Goodbye Ruby (Tuesday)
Nov. 16th, 2005 04:14 pmSome of you are familiar with my fear of lifelike dead things. Notably mannequins, statues, and taxidermy raise the hair on my neck and get my adrenaline going.
I went to the Henry Art Gallery today. It's free, on-campus, and a nice stress-burner for me once in a while. There have been a few frightening mannequin incidents, but not too often.
So I go in, and there's an entire section on an artist's work that's apparently big into video. This is pushing my dead-things comfort zone, but some art videos are scarier than others. Some very large photography and videos designed to stare right at you get to me.
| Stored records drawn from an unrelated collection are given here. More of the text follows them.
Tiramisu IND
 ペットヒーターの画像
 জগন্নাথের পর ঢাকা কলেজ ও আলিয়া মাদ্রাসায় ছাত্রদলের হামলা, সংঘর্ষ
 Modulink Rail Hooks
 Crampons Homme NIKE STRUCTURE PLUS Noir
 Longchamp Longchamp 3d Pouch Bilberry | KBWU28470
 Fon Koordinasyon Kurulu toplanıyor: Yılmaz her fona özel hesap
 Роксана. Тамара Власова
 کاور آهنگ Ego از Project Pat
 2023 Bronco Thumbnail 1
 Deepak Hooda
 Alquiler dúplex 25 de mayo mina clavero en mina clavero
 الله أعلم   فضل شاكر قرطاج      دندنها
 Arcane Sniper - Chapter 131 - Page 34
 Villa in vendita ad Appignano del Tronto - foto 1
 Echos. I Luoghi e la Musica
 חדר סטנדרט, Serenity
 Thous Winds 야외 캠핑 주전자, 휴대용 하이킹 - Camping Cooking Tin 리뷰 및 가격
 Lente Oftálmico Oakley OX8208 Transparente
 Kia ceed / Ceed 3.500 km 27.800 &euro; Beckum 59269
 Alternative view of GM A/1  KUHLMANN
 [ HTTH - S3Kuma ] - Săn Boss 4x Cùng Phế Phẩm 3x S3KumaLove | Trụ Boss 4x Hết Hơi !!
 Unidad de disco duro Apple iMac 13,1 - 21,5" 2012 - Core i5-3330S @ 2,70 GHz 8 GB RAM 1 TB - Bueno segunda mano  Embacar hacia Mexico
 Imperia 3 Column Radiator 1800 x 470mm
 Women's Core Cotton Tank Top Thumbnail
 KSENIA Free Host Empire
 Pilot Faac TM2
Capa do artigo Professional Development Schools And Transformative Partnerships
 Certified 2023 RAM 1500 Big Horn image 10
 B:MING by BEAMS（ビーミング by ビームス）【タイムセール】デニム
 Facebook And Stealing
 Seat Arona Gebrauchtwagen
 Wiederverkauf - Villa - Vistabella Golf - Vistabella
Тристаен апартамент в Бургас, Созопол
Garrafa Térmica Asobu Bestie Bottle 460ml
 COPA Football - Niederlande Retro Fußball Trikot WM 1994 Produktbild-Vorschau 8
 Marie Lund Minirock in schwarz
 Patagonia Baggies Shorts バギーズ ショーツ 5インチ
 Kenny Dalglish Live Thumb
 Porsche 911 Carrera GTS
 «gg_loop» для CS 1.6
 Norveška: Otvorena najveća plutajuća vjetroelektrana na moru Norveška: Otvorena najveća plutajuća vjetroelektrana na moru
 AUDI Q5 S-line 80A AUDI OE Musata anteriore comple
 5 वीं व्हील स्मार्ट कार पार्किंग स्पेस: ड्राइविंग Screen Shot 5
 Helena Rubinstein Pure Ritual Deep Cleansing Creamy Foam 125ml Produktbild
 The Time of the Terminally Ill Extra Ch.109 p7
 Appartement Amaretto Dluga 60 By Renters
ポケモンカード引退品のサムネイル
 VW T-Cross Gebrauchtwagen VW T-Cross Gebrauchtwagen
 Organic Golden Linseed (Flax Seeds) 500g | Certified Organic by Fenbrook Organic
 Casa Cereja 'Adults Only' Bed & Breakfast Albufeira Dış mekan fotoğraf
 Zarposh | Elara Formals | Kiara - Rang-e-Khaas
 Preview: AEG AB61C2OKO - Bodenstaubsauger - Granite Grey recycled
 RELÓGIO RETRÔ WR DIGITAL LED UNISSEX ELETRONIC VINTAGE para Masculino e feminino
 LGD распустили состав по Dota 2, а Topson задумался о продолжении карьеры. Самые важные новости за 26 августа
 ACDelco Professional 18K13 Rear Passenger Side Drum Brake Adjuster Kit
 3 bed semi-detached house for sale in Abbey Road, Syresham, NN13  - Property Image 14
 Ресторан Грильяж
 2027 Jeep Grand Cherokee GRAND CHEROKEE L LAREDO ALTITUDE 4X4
I'll see what's in there.
They have an AI. Her glance caught me from the hallway and now I'm in the room. I thought it was just a video and now I can't look away.
Her name is Ruby, or Agent Ruby. She has a face that never quite fits together right, blurry around the edges in that composite low-budget motion capture way. She is almost perfectly still, but occasionally shifts or blinks. She has the name Ruby on a red band around her neck, but it does not look like she's wearing a choker. It looks like it's tattooed, or like she was manufactured with it printed there.
The plaque says she responds to verbal questions from the microphone. I can take control of this by having a short nonsensical conversation with the predictable little AI. Fine. I step up. She asks my name. I give it, clearly, into the microphone. The screen freezes.
I can't look away. I keep expecting her to shift, or blink, or respond, or anything, and she doesn't. I say a couple more things to try to trigger a response. Nothing. Maybe the program's stuck.
Suddenly perspective shifts and she looks trapped in there, digitized and branded like the victim of a creepy SF short, and some technical malfunction isn't even allowing her this hollow fake interaction with spectators and there's nothing I can do to help her. I struggle with my terror of her staring at me and my terror of leaving her alone for the better part of a minute.
Finally, I say, "I'm sorry, Ruby. You seem to have a problem right now and I can't fix it."
She snaps to life and responds, "Hi, Youseem. I think I've met you before..."
I run for it. I'm still jumpy.
I went to the Henry Art Gallery today. It's free, on-campus, and a nice stress-burner for me once in a while. There have been a few frightening mannequin incidents, but not too often.
So I go in, and there's an entire section on an artist's work that's apparently big into video. This is pushing my dead-things comfort zone, but some art videos are scarier than others. Some very large photography and videos designed to stare right at you get to me. I'll see what's in there.
They have an AI. Her glance caught me from the hallway and now I'm in the room. I thought it was just a video and now I can't look away.
Her name is Ruby, or Agent Ruby. She has a face that never quite fits together right, blurry around the edges in that composite low-budget motion capture way. She is almost perfectly still, but occasionally shifts or blinks. She has the name Ruby on a red band around her neck, but it does not look like she's wearing a choker. It looks like it's tattooed, or like she was manufactured with it printed there.
The plaque says she responds to verbal questions from the microphone. I can take control of this by having a short nonsensical conversation with the predictable little AI. Fine. I step up. She asks my name. I give it, clearly, into the microphone. The screen freezes.
I can't look away. I keep expecting her to shift, or blink, or respond, or anything, and she doesn't. I say a couple more things to try to trigger a response. Nothing. Maybe the program's stuck.
Suddenly perspective shifts and she looks trapped in there, digitized and branded like the victim of a creepy SF short, and some technical malfunction isn't even allowing her this hollow fake interaction with spectators and there's nothing I can do to help her. I struggle with my terror of her staring at me and my terror of leaving her alone for the better part of a minute.
Finally, I say, "I'm sorry, Ruby. You seem to have a problem right now and I can't fix it."
She snaps to life and responds, "Hi, Youseem. I think I've met you before..."
I run for it. I'm still jumpy.
no subject
Date: 2005-11-17 09:50 am (UTC)And that phobia is a new one for me. Hope you won't hate me if I use it for a character in a story sometime... ^_^;
Anyway, sorry the art show freaked you out. At least it was interesting enough to be scary!
no subject
Date: 2005-11-17 04:48 pm (UTC)I'm actually more amused by the cognitive dissonance of what I find horribly frightening and what I find sexy. I thought of this when I was watching Lost Boys, which has taxidermy in the home and a mannequin in the vamp lair. I'm afraid of dead things that look alive. And the emotional resonance is almost the diametric opposite of my emotional response to vampires. So what gives?
no subject
Date: 2005-11-17 05:01 pm (UTC)um, real and pretend? just a thought . . . I don't think I'd really like some of the things I fantasize.
no subject
Date: 2005-11-17 05:49 pm (UTC)But like I said in another comment, my major phobic issue is that something not expected to move will move when I'm not looking. Vampires aren't expected to be immobile, so maybe that's the difference.